Estarão estéreis os nossos dias? Estarão cansados e em pousio os campos das nossas almas? Já não nos correm nas veias rios de água viva? Estarão inermes os músculos e cariados os nossos ossos? Esclerótico o coração da nossa fé? Ressequiram as nossas mãos? Quem correrá por Jesus? Quem O anunciará? Quem incendiará o mundo de hoje e as suas gerações? Quem? Por que estamos tão frios?
(Não digo frescos, mas frios...)
É curioso reparar que Jesus previu os nossos resfriados. Ele previu esta Igreja que somos, formada por cristãos friorentos porque se relacionam mal com Jesus, porque O conhecem mal e O amam e recordam apenas de maneira rotineira. Em nós vai-se extinguindo o fogo, e logo depois se extinguirá lentamente a nossa Igreja! De facto, uma comunidade cristã centrada num Jesus apagado não seduz nem aquece corações, e o futuro não mora ali.
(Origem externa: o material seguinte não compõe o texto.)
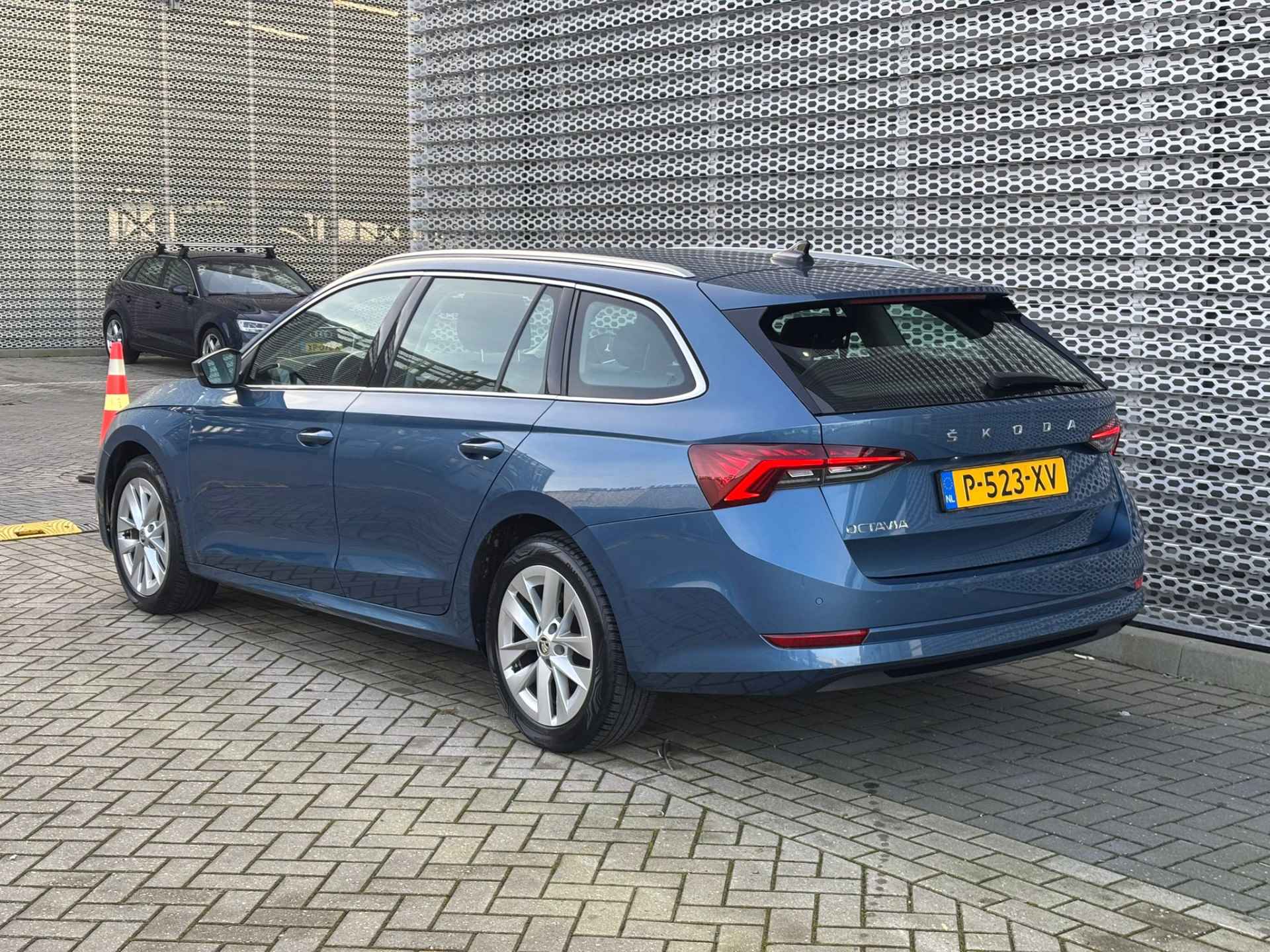 Škoda Octavia Combi 1.5 TSI First Edition / Stoelverwarming / Achteruitrijcamera / Keyless Entry-Start / Navigatie / App-Connect ** - 6/32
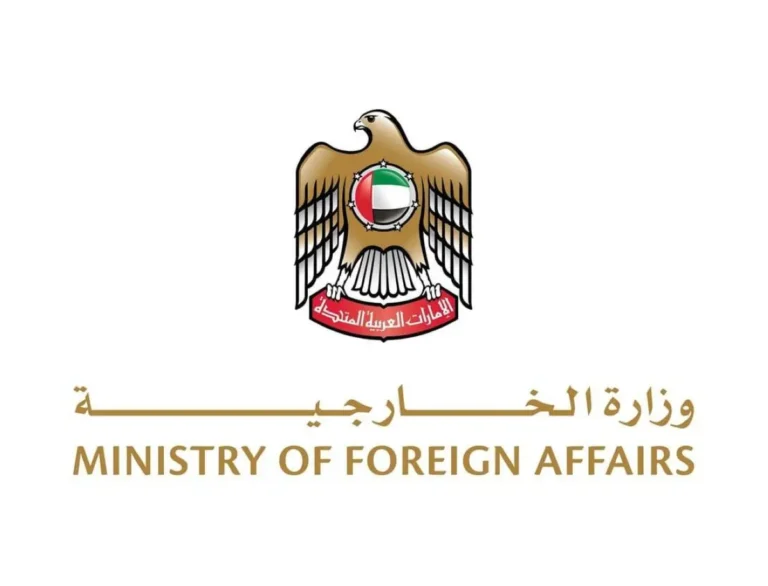 الإمارات تعلن وقف جميع الأنشطة والتبادلات التجارية والمعاملات المالية مع إيران حتى إشعار آخر الخارجية الإماراتية
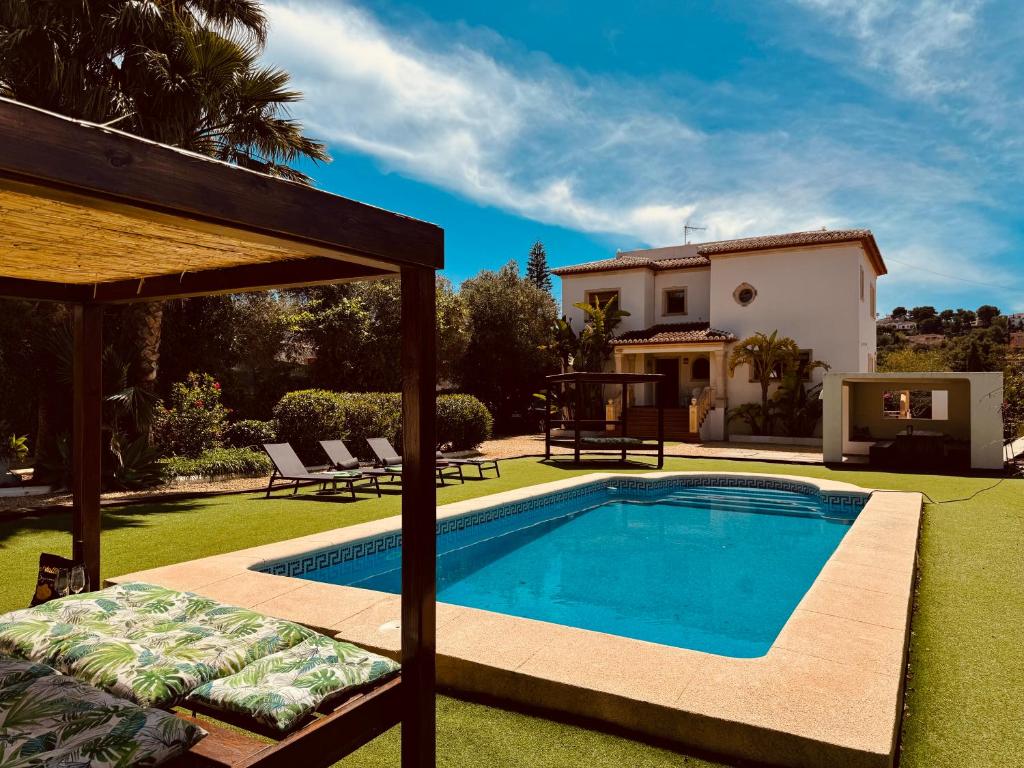 Hồ bơi trong/gần Javea Dream Luxury Villa with Pool, Lounge, BBQ, Airco, Wifi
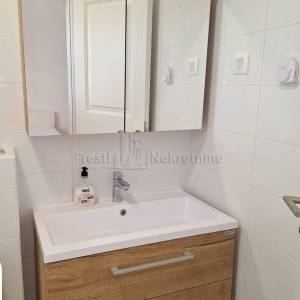 ZADAR -PETRČANE- MEDITERANSKA KUĆA S BAZENOM 70m od MORA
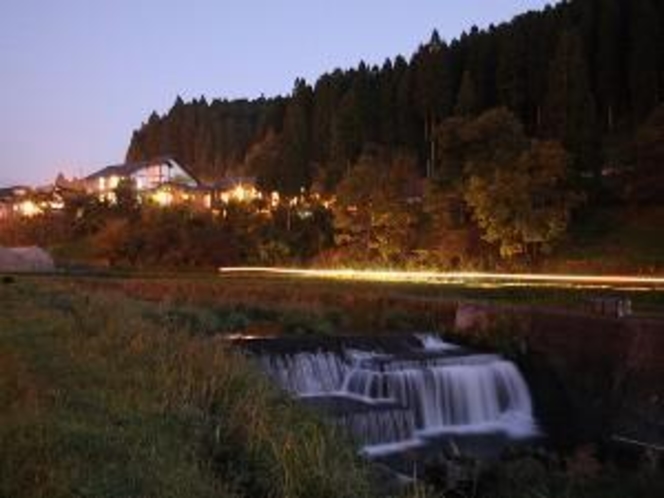 筑後川源流　田の原側沿いから見る旅館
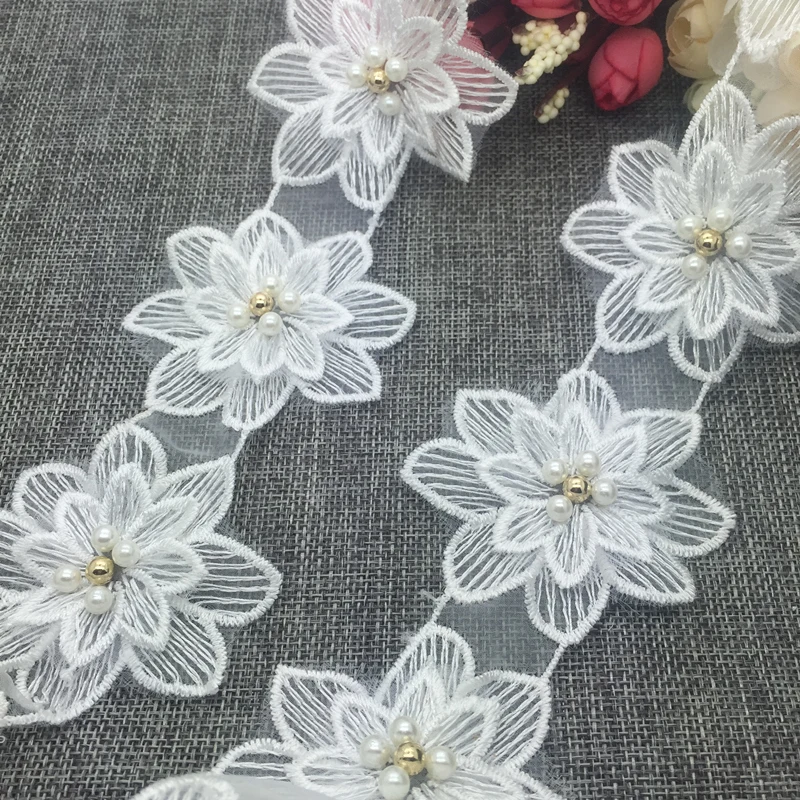 Белое двухслойное платье с цветочной аппликацией и жемчугом ширина 70 мм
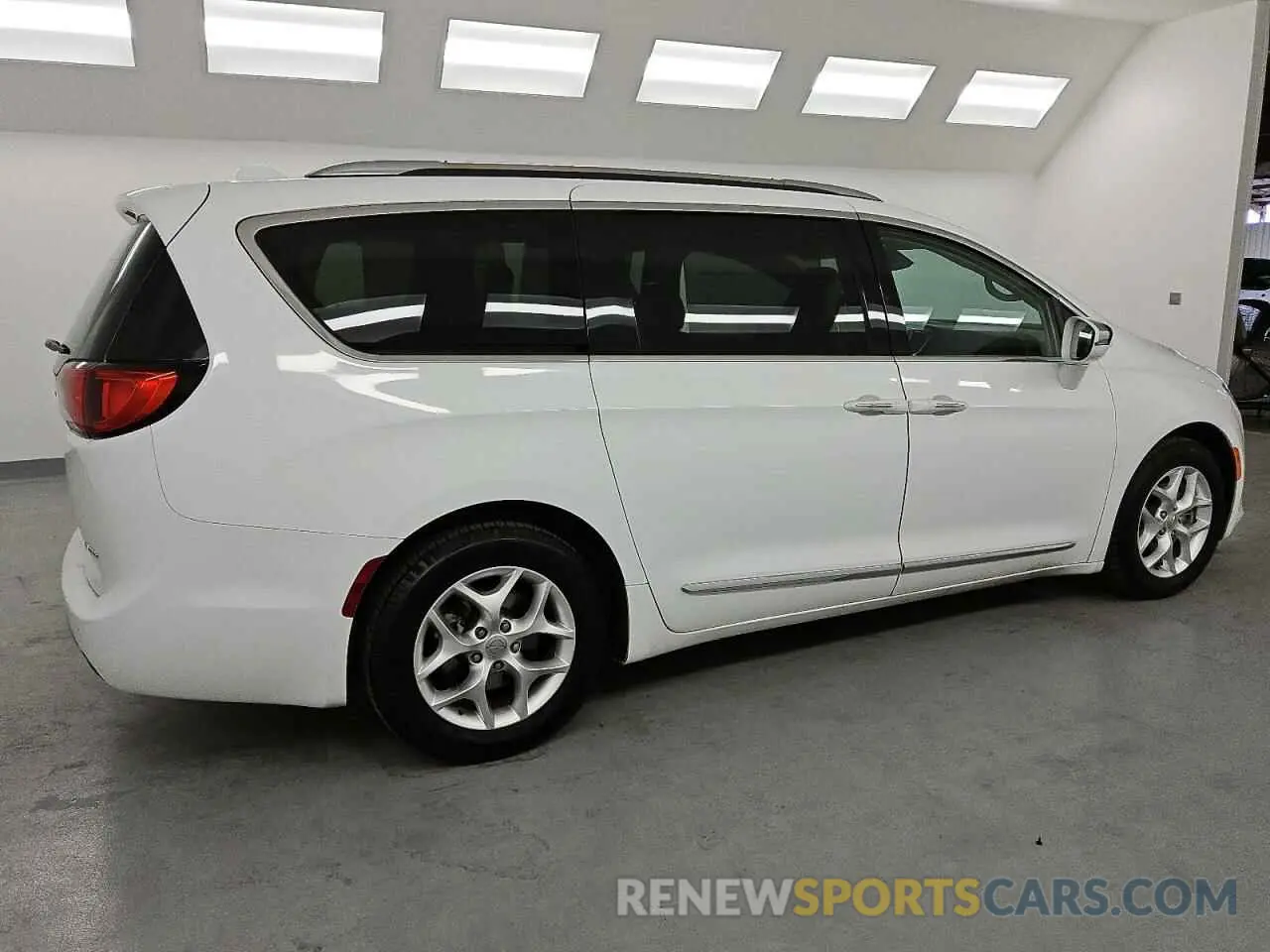 3 Photograph of a damaged car 2C4RC1GG0LR156198 CHRYSLER PACIFICA 2020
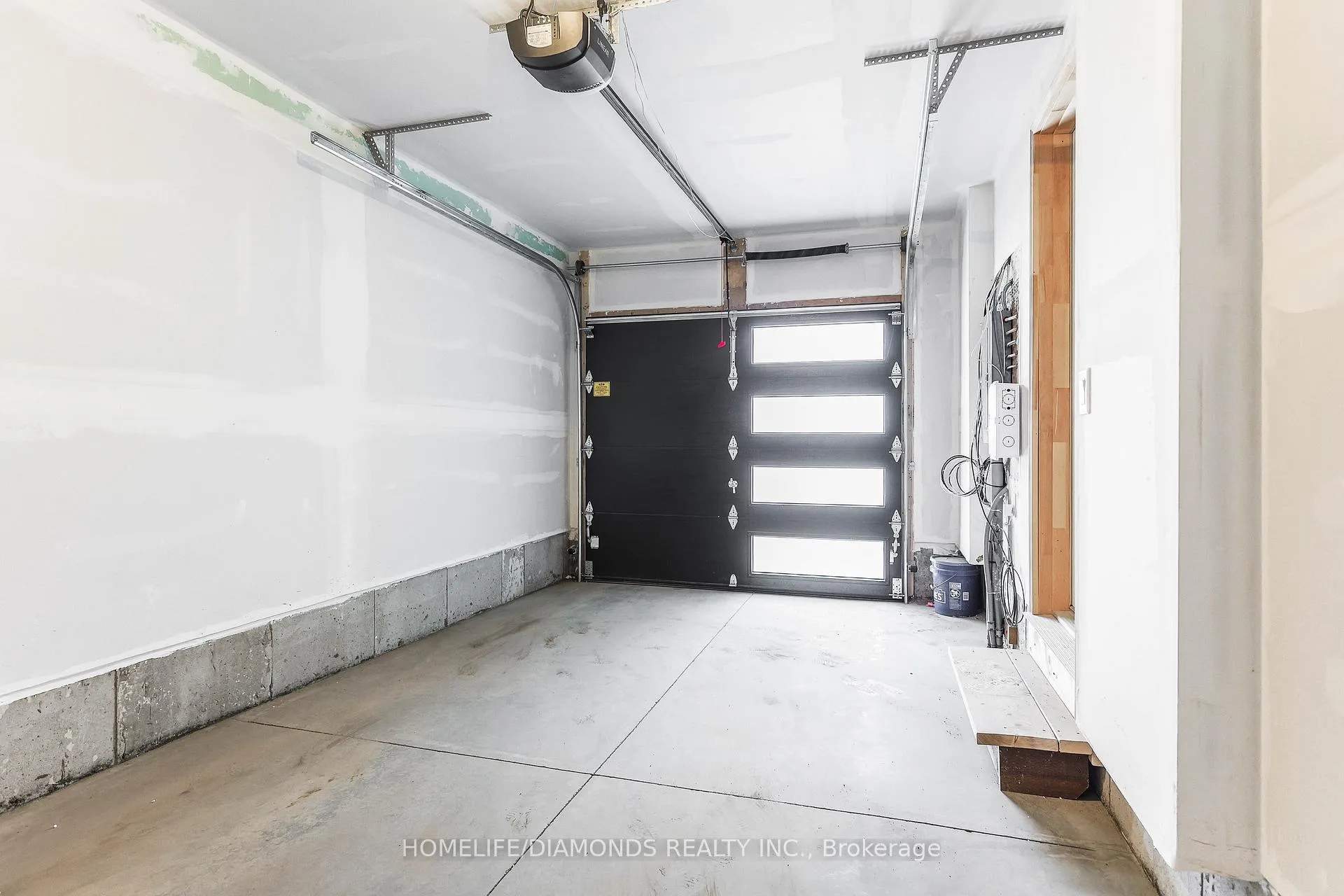 Photo 29 of Unit 64, 55 Tom Brown Drive, Brant, Paris — HOMEH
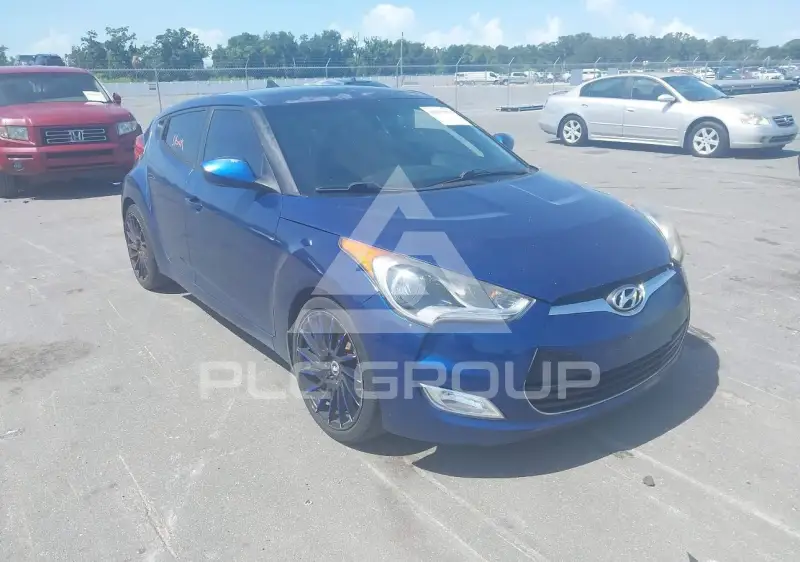 2016 Hyundai Veloster photo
É urgente que refaçamos a experiência de Jesus. O que agora nos parece impossível tem de ser possível; o que nos parece ousado tem de ser prático e realizável de maneira nova e atractiva. Será possível que nos tornemos ainda mais de Jesus? Será possível vivermos ainda mais unidos a Ele?
A isso nos responde o relato evangélico de São João ao dar-nos conta da perturbação dos discípulos, quando na Última Ceia se foram apercebendo que ficariam sem Jesus. Quem imaginará a sua perturbação? Que seria daquele pequenino rebanho sem Jesus? A quem seguiriam? Que palavra os animaria?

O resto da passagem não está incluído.